SOURCE DATA below:

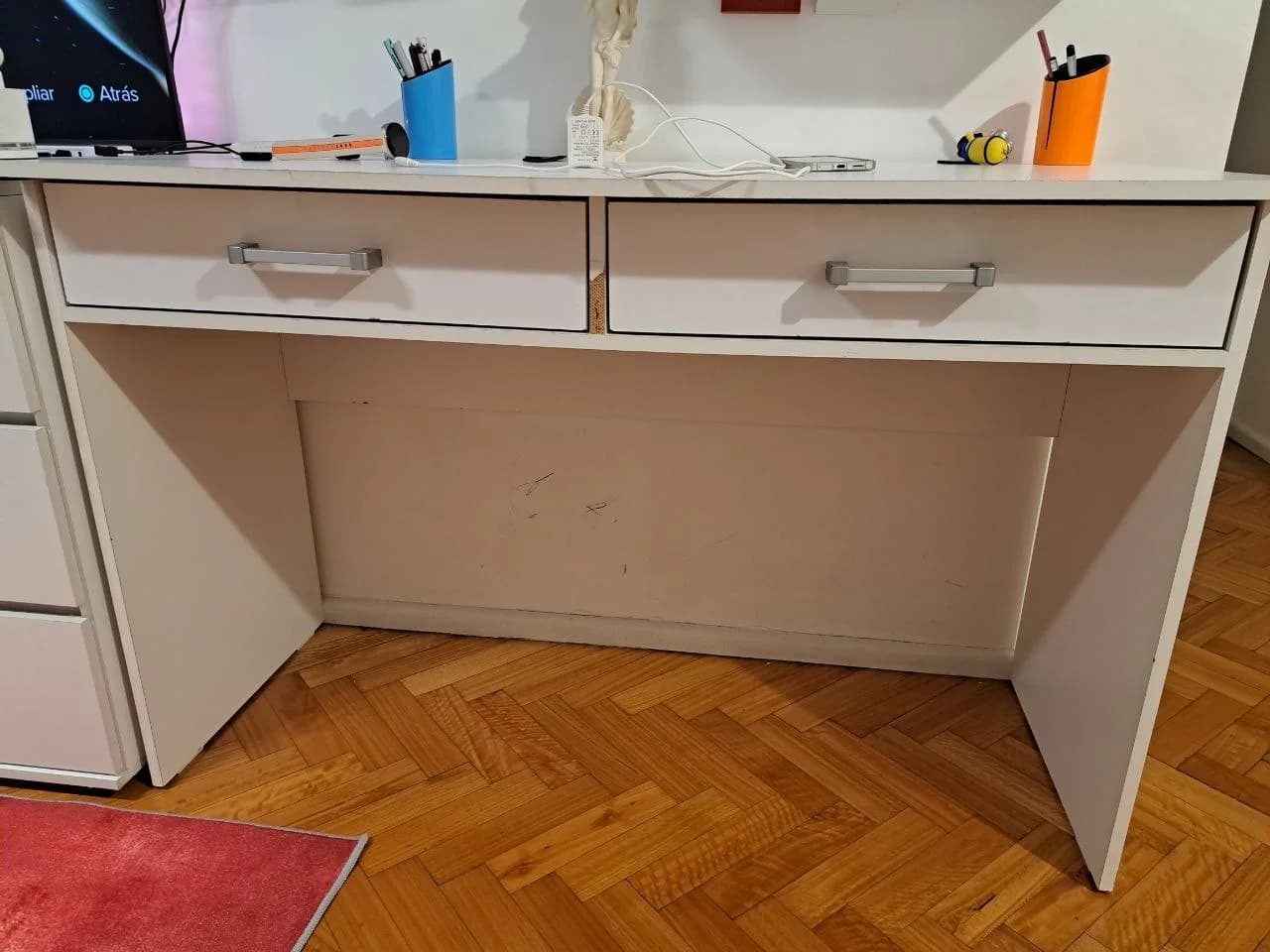 Письменный стол в дар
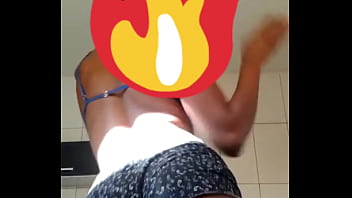 Novinha gostosa rebolando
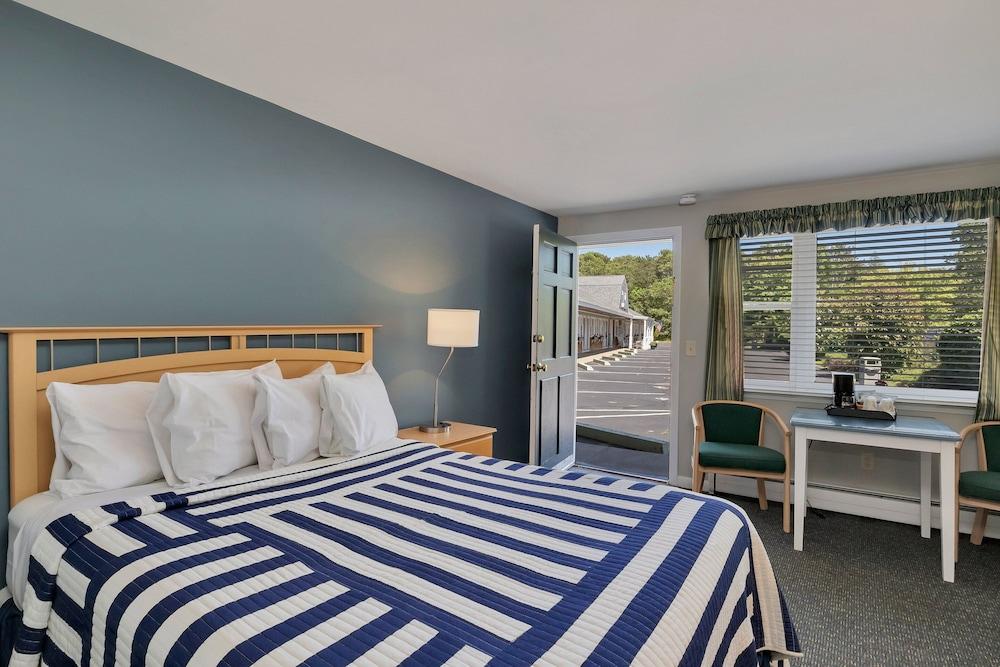 Handkerchief Shoals Inn photo 17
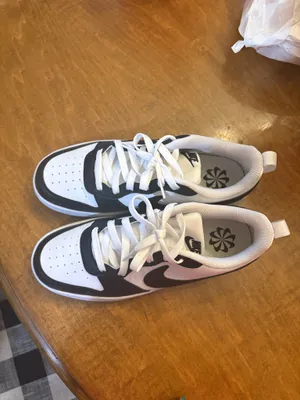 Nike Shoes Women’s thumbnail 3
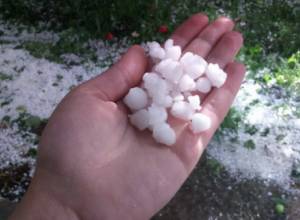 Traces of hail in Avan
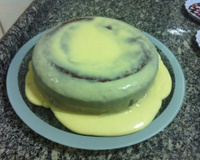 Bolo de canela com cobertura de chocolate branco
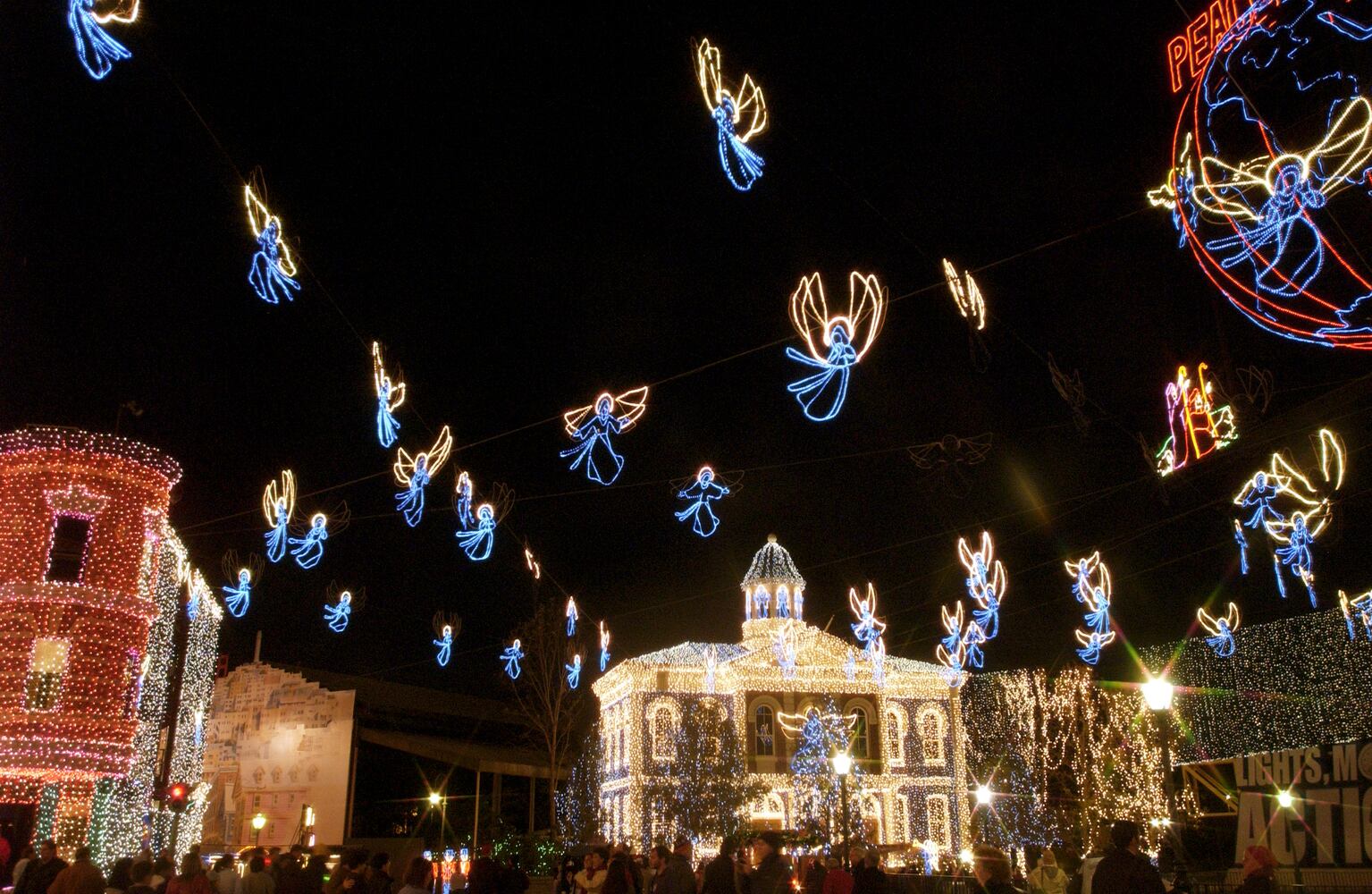 Osborne Family Spectacle of Dancing Lights at Disney's Hollywood Studios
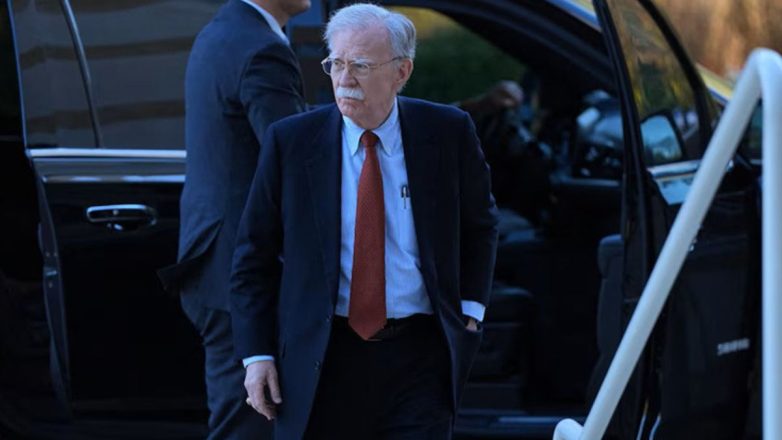 ΗΠΑ: Ένοχος θα δηλώσει πρώην σύμβουλος του Τραμπ για παράνομη κατοχή απόρρητων εγγράφων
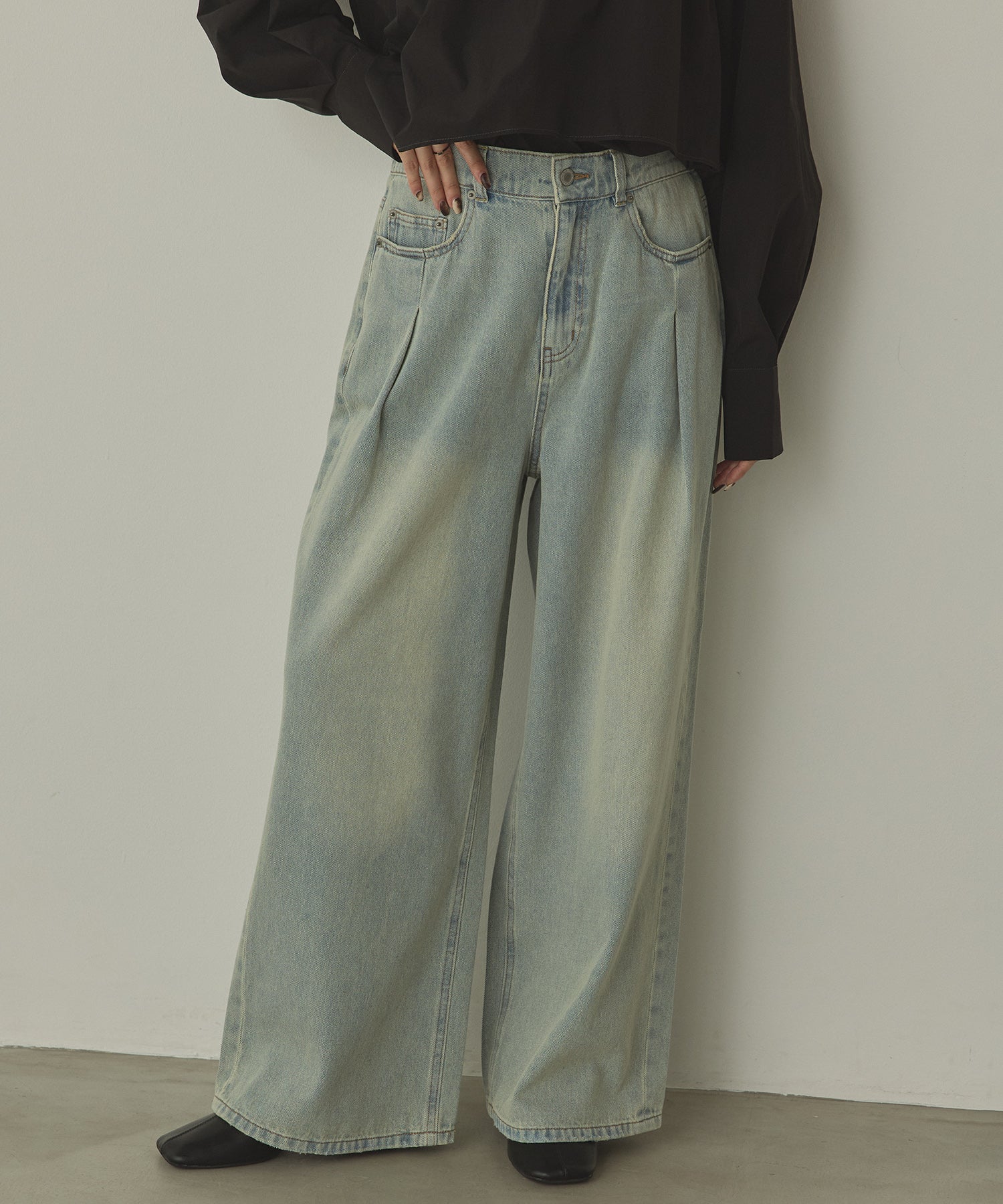 DENIM POCKET TUCK PANTS
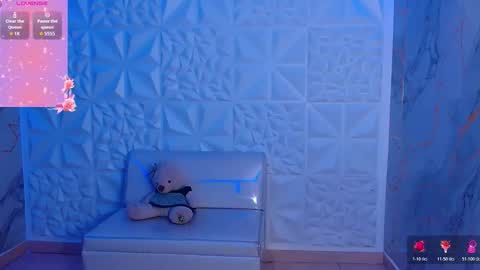 Taylor online show from February 26, 7:24 pm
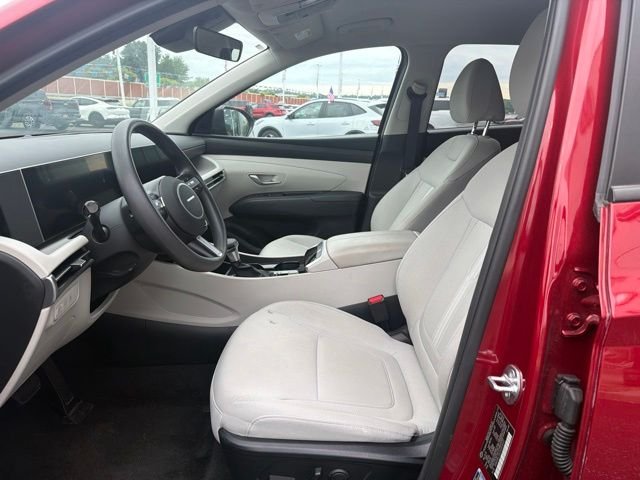 Used 2025 Red Hyundai SEL image 21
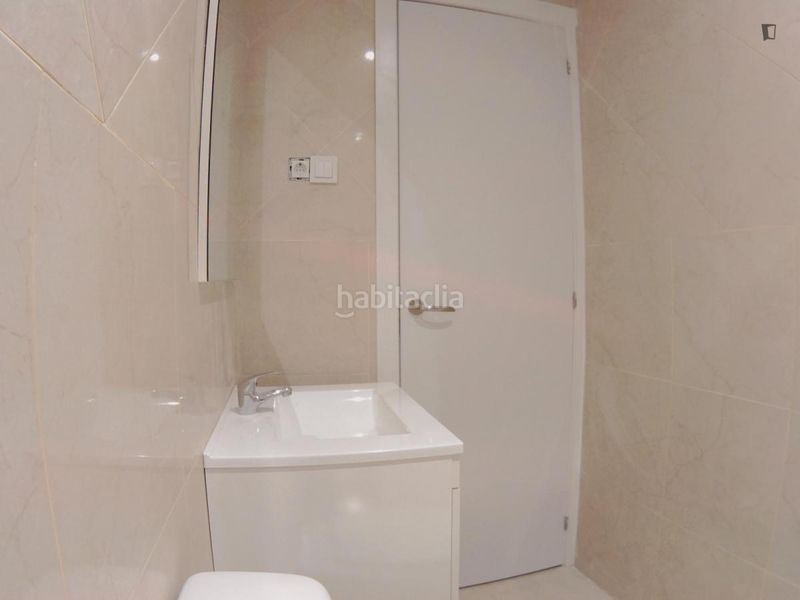 Foto 67a86715-003a-445d-b31f-c10eb7c5ae0e. Lloguer apartament a Zofío Madrid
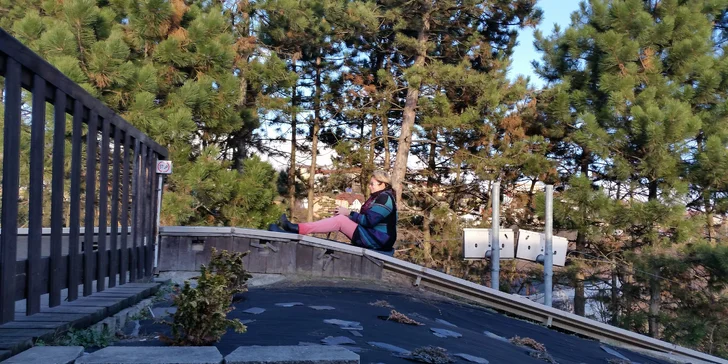 Vlasy vlají, adrenalin stoupá – 6 sešupů na bobové dráze na Proseku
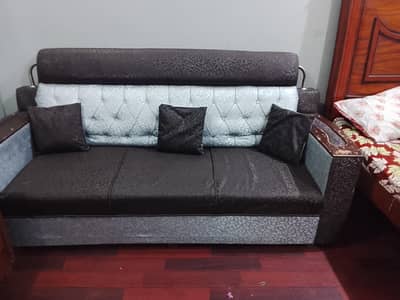 5 seater sofa set for sale Rs -20000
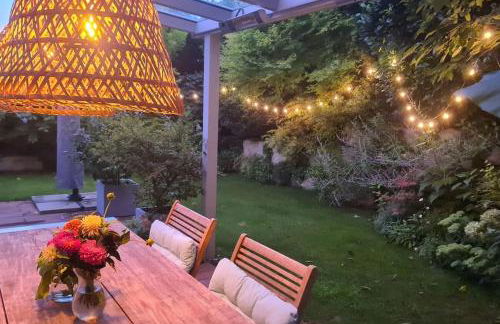 Exklusive Wohnung mit herrlicher Terrasse und Garten - Foto 2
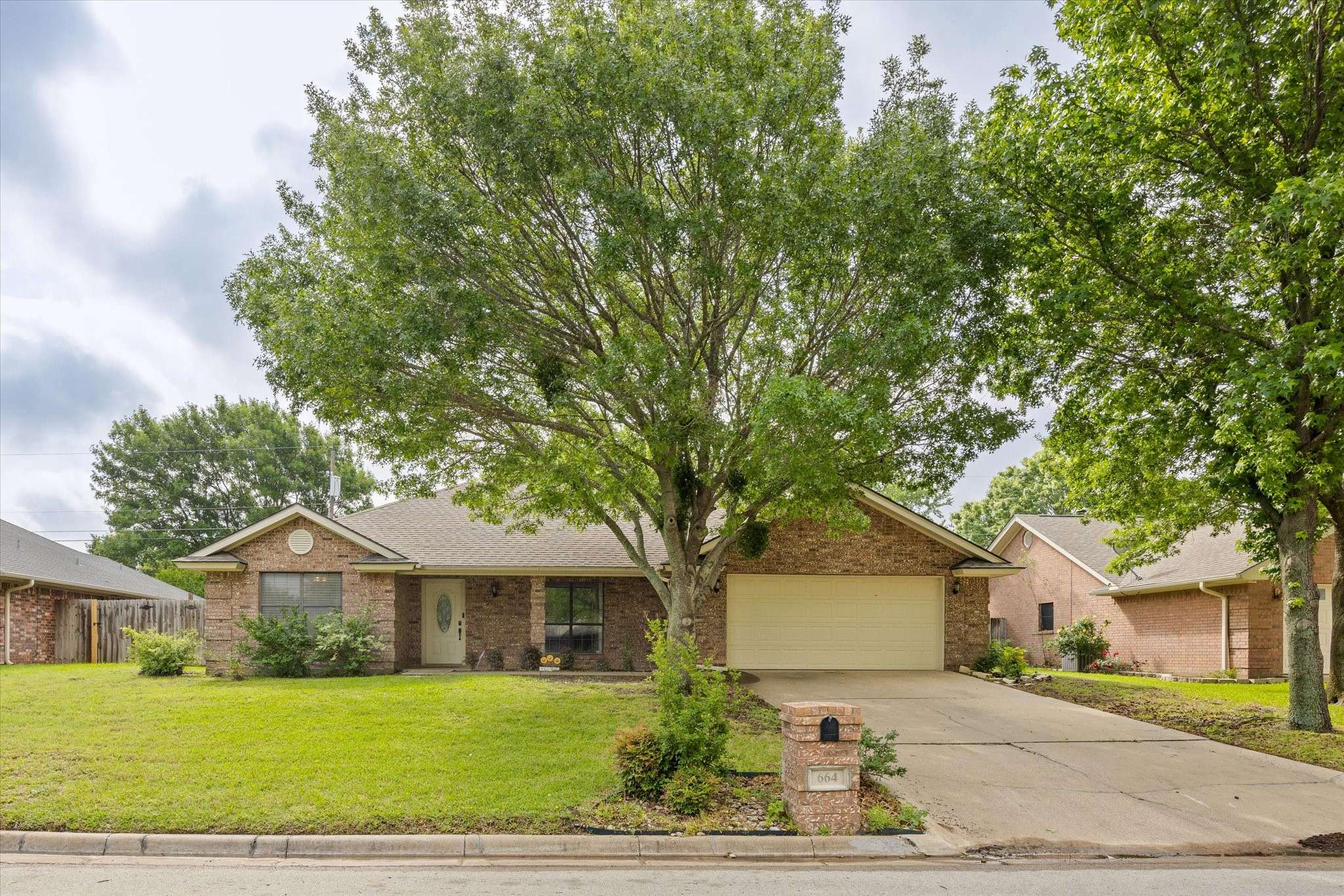 Stephenville, TX 76401,664 Bluebonnet ST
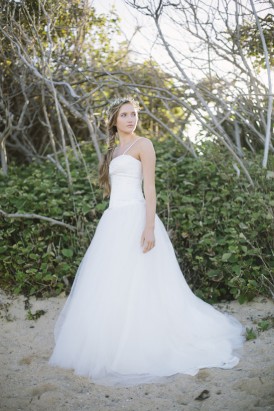 beach wedding gowns0018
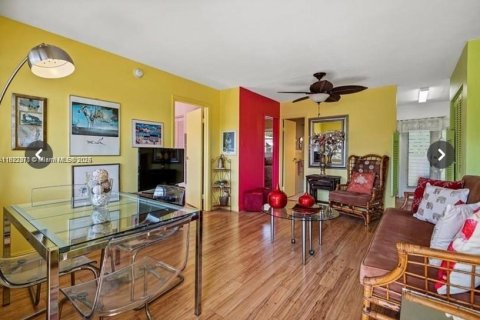 Condominio en alquiler en Fort Lauderdale, Florida, 2 dormitorios, 55.74 m2 № 1937697 - foto 3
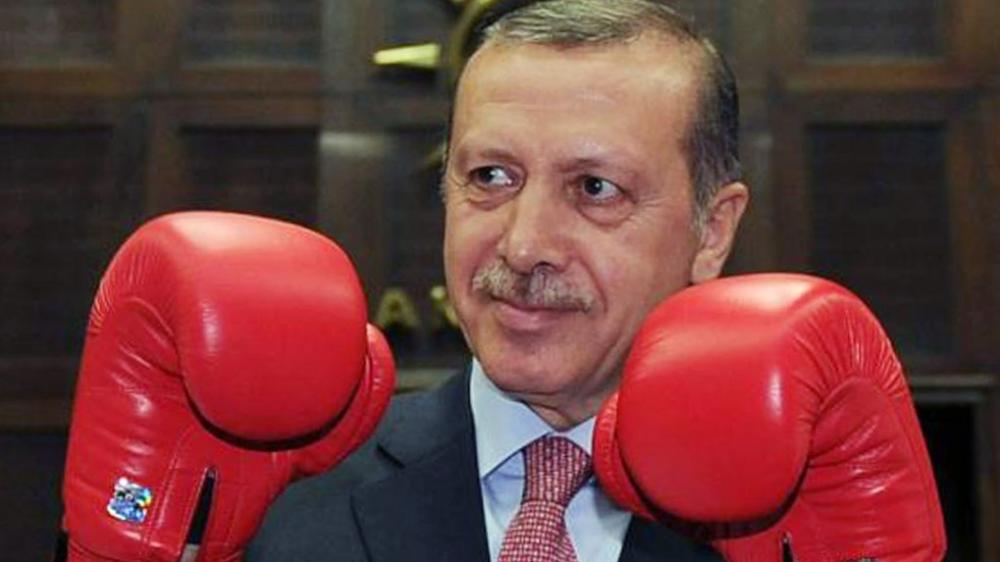 أردوغان في مواجهة مع ملاكم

End of SOURCE DATA.

Start with the line above containing "Used 2025 Red Hyundai SEL image 21" and end with the line containing "Exklusive Wohnung mit". Set down that stretch exactly, without any pictures.

 Used 2025 Red Hyundai SEL image 21
 Foto 67a86715-003a-445d-b31f-c10eb7c5ae0e. Lloguer apartament a Zofío Madrid
 Vlasy vlají, adrenalin stoupá – 6 sešupů na bobové dráze na Proseku
 5 seater sofa set for sale Rs -20000
 Exklusive Wohnung mit herrlicher Terrasse und Garten - Foto 2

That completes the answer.